BEGIN
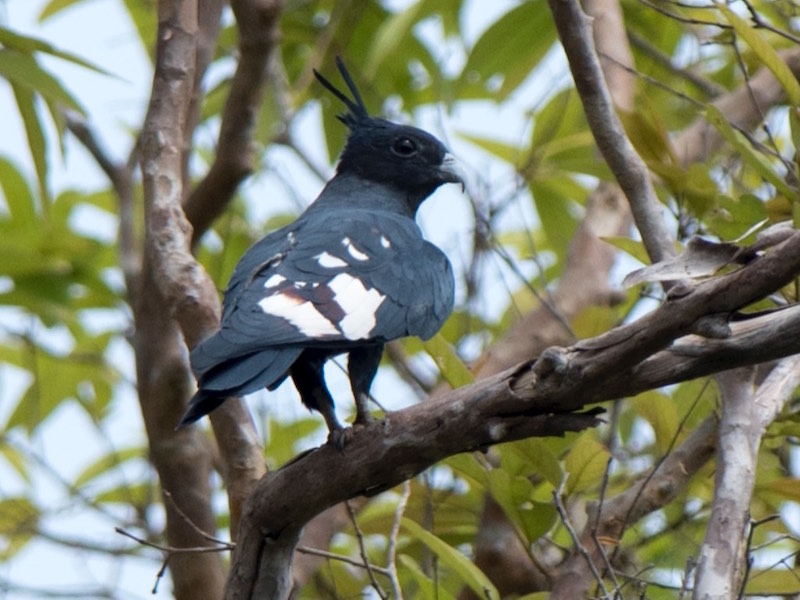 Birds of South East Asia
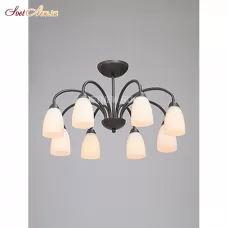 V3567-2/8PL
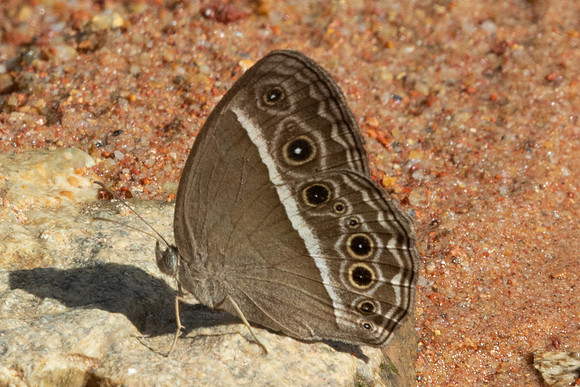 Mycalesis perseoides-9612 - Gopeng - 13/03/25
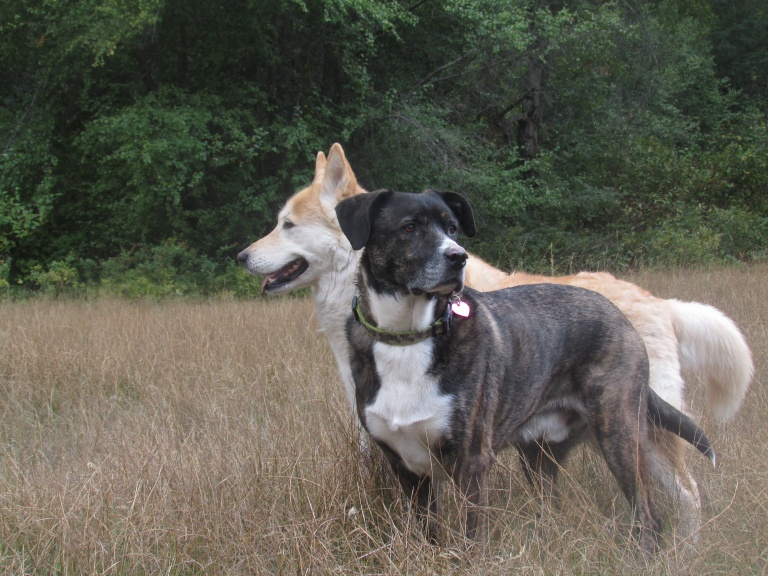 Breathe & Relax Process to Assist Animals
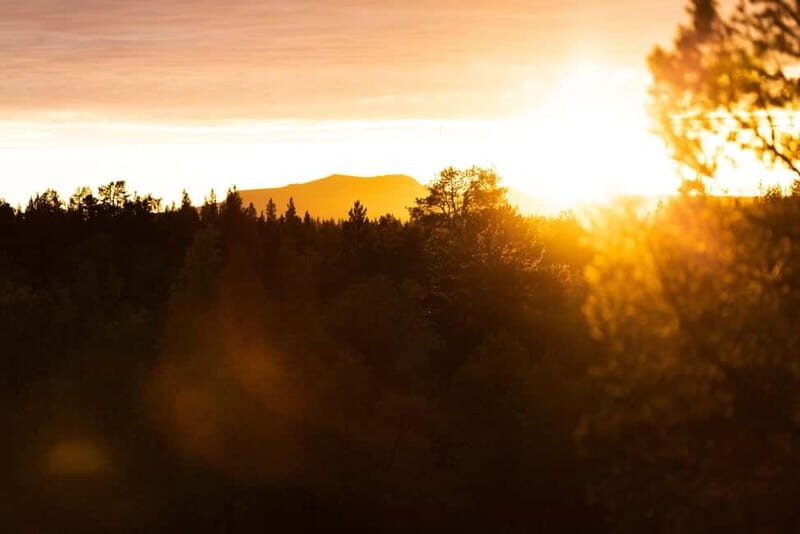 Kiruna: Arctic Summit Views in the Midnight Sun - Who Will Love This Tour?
END
ACTIVITY
Your task is to repeat exactly the lines from the one containing "Breathe & Relax Process to Assist Animals" through the end of the material, both included, and only those, without pictures.

PROBLEM SOLUTION
 Breathe & Relax Process to Assist Animals
 Kiruna: Arctic Summit Views in the Midnight Sun - Who Will Love This Tour?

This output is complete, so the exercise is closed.